Wednesday's report did not come in a vacuum.
Indeed, it should be seen as an extension of various committees of inquiry and comptroller documents stretching back numerous years.
One of the frustrating things about reading the report was that it contained so many echoes of the Winograd Commission report from 2008 that criticized the decision-making process in the run-up to and during the Second Lebanon War, and the subsequent Lipkin-Shahak committee report that was mandated with providing recommendations for implementing the Winograd Commission findings. One of the Lipkin-Shahak committee’s key recommendations was to strengthen the National Security Council.
To say that nothing has changed would be unfair. Things have changed. For instance, the National Security Council, the body now empowered by law with being the prime minister’s main advisory body on national security issues, is much more active than it was during the Second Lebanon War, or when Netanyahu and his then-foreign policy adviser Uzi Arad pushed the idea in 1999.
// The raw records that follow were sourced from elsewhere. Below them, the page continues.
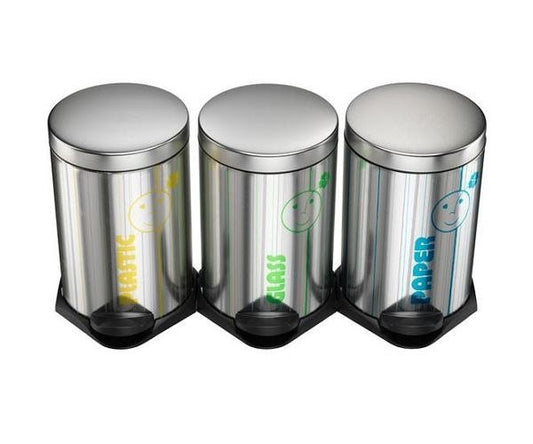 0eb00290f698ae9c0a963913b0de8017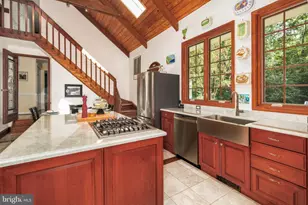 8107 Vista Point Ln, Fairfax Station, VA 22039 - Photo 55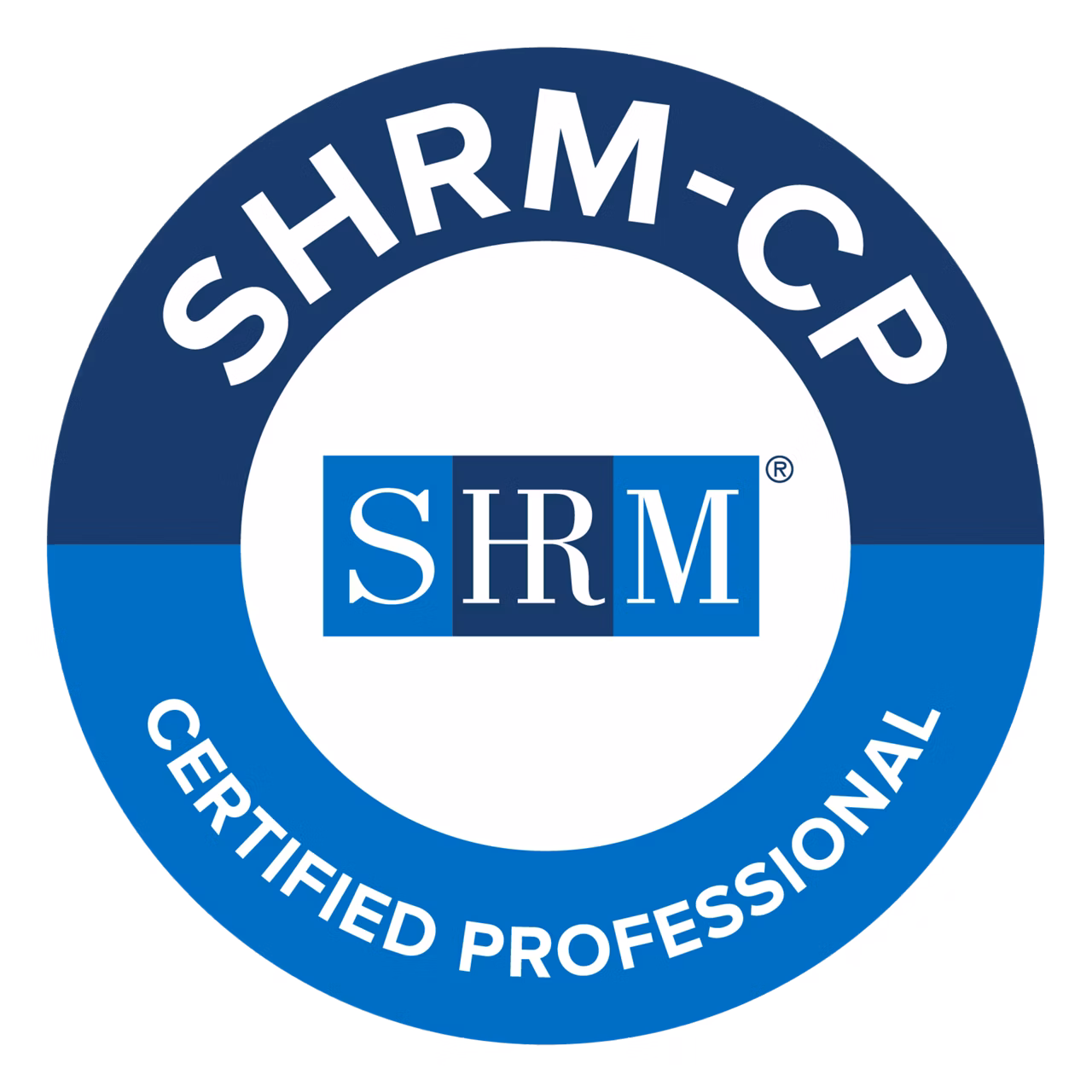 SHRM Akreditasyonu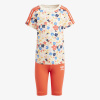 adidas CYC SHORT TEE S 122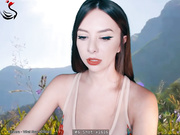 mfc video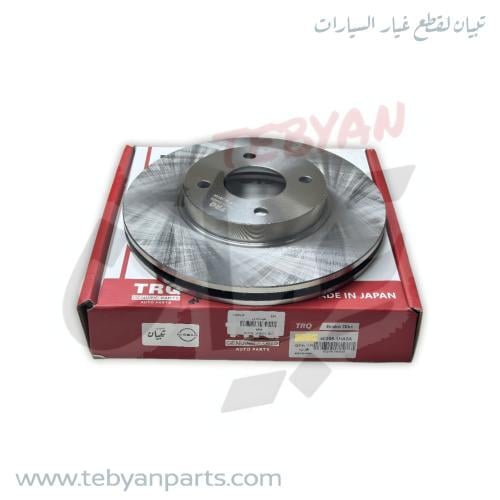 هوب امامي صني الهندية 2012 الى 2025 ماركات اخرى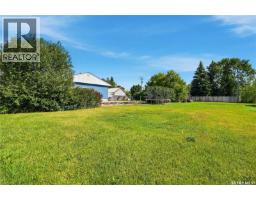 221 Francis Street, Sedley, SK S0G2K0 Photo 32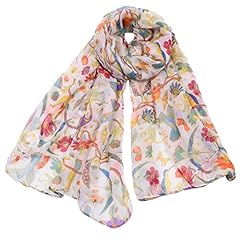 Woogwin women scarves for sale  Delivered anywhere in USA 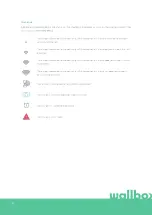 Preview for 16 page of Wallbox QUASAR User Manual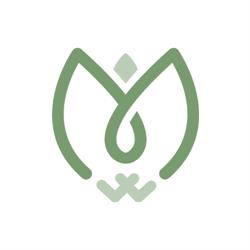 MoveWellness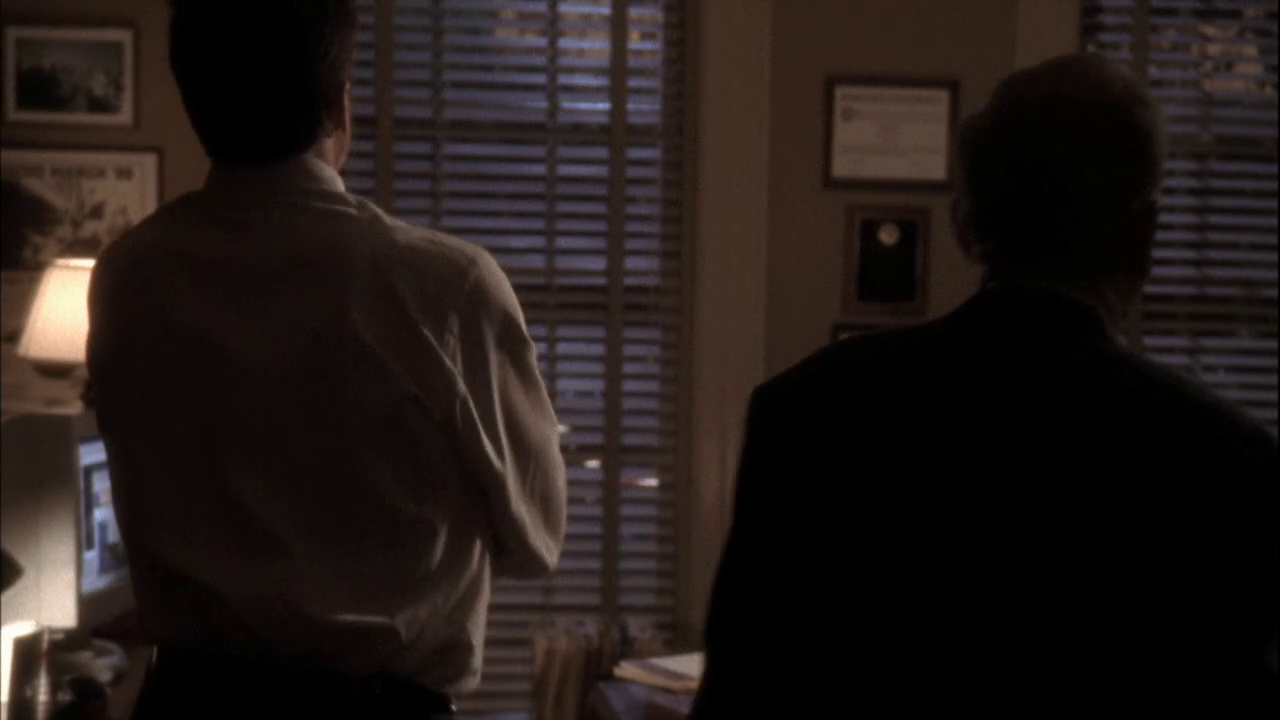 vlcsnap-2013-01-16-19h27m51s40.png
Indeed, Arad – who was fired from his position as head of the National Security Council in 2011 amid allegations that he leaked sensitive information – has reason today to feel doubly vindicated.
His first vindication, a personal one, came in March, when then-deputy attorney-general Raz Nizri said in a Knesset committee meeting that Arad had not leaked sensitive material.
And his second vindication, a professional one, came with Wednesday’s publication of the comptroller’s report, since his twoyear tenure inside the PMO was marked by a fierce turf battle with the prime minister’s military liaison. The comptroller sided with Arad, saying with no equivocation that the National Security Council, not the military liaison, is the prime foreign policy advisory body inside the PMO and should be the body in charge of coordinating, preparing and taking part in the key meetings on national security issues.
For years that was not the case; for years the defense establishment held sway, and it is only natural that it will not relinquish that prerogative readily. Nevertheless, Lindenstrauss concluded that it must do so for the sake of proper procedure and process.
And if it does not do so willingly, he wrote, then the prime minister must force it to do so.
Otherwise? Well, otherwise – as Lindenstrauss wrote in a phrase that summed up his whole report – “the flotilla is a metaphor.”